Le couple au tout début de la soixantaine avoue que ce qui lui fait le plus mal, c’est l’irrespect à leur endroit qu’il provienne des élus, de gens qu’ils côtoient, de la compagnie que des travailleurs appelés à œuvrer sur les divers chantiers de construction.
«Jamais nous ne serons d’accord avec ce projet en milieu habité, mais aujourd’hui nous devons vivre avec tous ses impacts. Est-ce qu’on pourrait demander un minimum de respect à notre égard? Nous avons toujours à nous débattre pour tout et pour rien que ce soit pour notre propre respect ou pour la sécurité et la signalisation dans nos rangs», avance M. Bourque. «Mon mari a même failli se faire écraser à cause de l’absence d’un stop dans le nouveau chemin d’accès construit en face», de renchérir Mme Payeur.
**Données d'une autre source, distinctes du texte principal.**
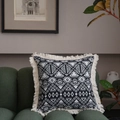 Bohemian style square pillow with black and white geometric patterns and tassel edges - 60x60cm / No Insert / Black Badge Tribal Style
M. Bourque donne par exemple qu’il a fallu qu’il se débatte pour qu’on ne dynamite pas près de son puits ou pour qu’on ne puisse se stationner à sa proximité pour éviter sa contamination. «Il a même fallu que je me débatte pour qu’on ne ferme pas le pont du haut du 4e rang pour qu’on puisse circuler pendant la période de sucres. Les travaux du pont débuteront donc après».
Le couple Bourque-Payeur déplore également la division sociale que ce projet a amenée avec lui. «Ce n’est pas vrai que ce projet réunit les gens. On s’entendait très bien avec nos voisins et il y avait de l’entraide entre nous. Aujourd’hui, c’est fini tout ça. Ce bon voisinage ne reviendra jamais», d’ajouter M. Bourque qui, au cours des derniers mois, affirme avoir vécu des situations d’intimidation en public et à la maison en plus de subir du vandalisme et mêmes des appels harassants laissant entendre qu’on mettrait le feu à sa «cabane».
«Je serai toujours frustré que nos élus n’aient jamais tenu compte de l’aspect humain dans ce projet. Et si seulement aujourd’hui, ils pouvaient nous témoigner un peu d’égard au lieu de fuir», de terminer M. Bourque.
Une autre résidante«Ce que nous vivons aujourd’hui, nous ne souhaitons ça à personne. C’est le rêve de toute une vie qui est sacrifié» - - Yvon Bourque
Pour sa part, Brigitte Rivard est une autre résidante du secteur. Celle-ci habite avec son conjoint dans le 3e Rang Nord de Saint-Ferdinand (ex-Vianney). «Ça fait deux ans et demi que notre propriété est à vendre et nous n’avons reçu aucune offre. On y habite à temps plein depuis 2008. C’était notre projet de retraite».
Elle dit vivre l’enfer depuis le début de la construction du projet, la maison étant située à quelques mètres seulement de la route. Bien évidemment, le couple est grandement affecté par le bruit des camions et de leurs vibrations à chaque passage.
Mais ce qui la fâche plus particulièrement, c’est d’être obligé de se débattre elle aussi pour que le projet se fasse dans le respect. «Pourquoi avons-nous été obligé de faire les démarches pour qu’on applique de l’abat-poussière quand ça fait déjà partie des obligations du projet? Pourquoi devrons-nous nous débattre encore pour qu’on réduise la vitesse dans nos rangs pour notre propre sécurité et pour qu’on interdise les freins à moteur pour la réduction du bruit?», de s’interroger Mme Rivard.
«Si vous étiez à notre place, est-ce que vous vous battriez vous aussi pour votre qualité de vie. Qu’on nous montre un peu de respect même si nous ne sommes pas nombreux», soutient Mme Rivard.
Les citoyens de la région qui souhaiteraient en savoir davantage sur la lutte de résidants contre l’implantation du Parc éolien de l’Érable auront à nouveau l’occasion de visionner le documentaire des cinéastes Jean et Serge Gagné intitulé «Les pales du mal» qui sera notamment présenté le 20 février à la salle communautaire de Saint-Ferdinand et le mardi 28 février au Centre communautaire de Plessisville à compter de 19 h.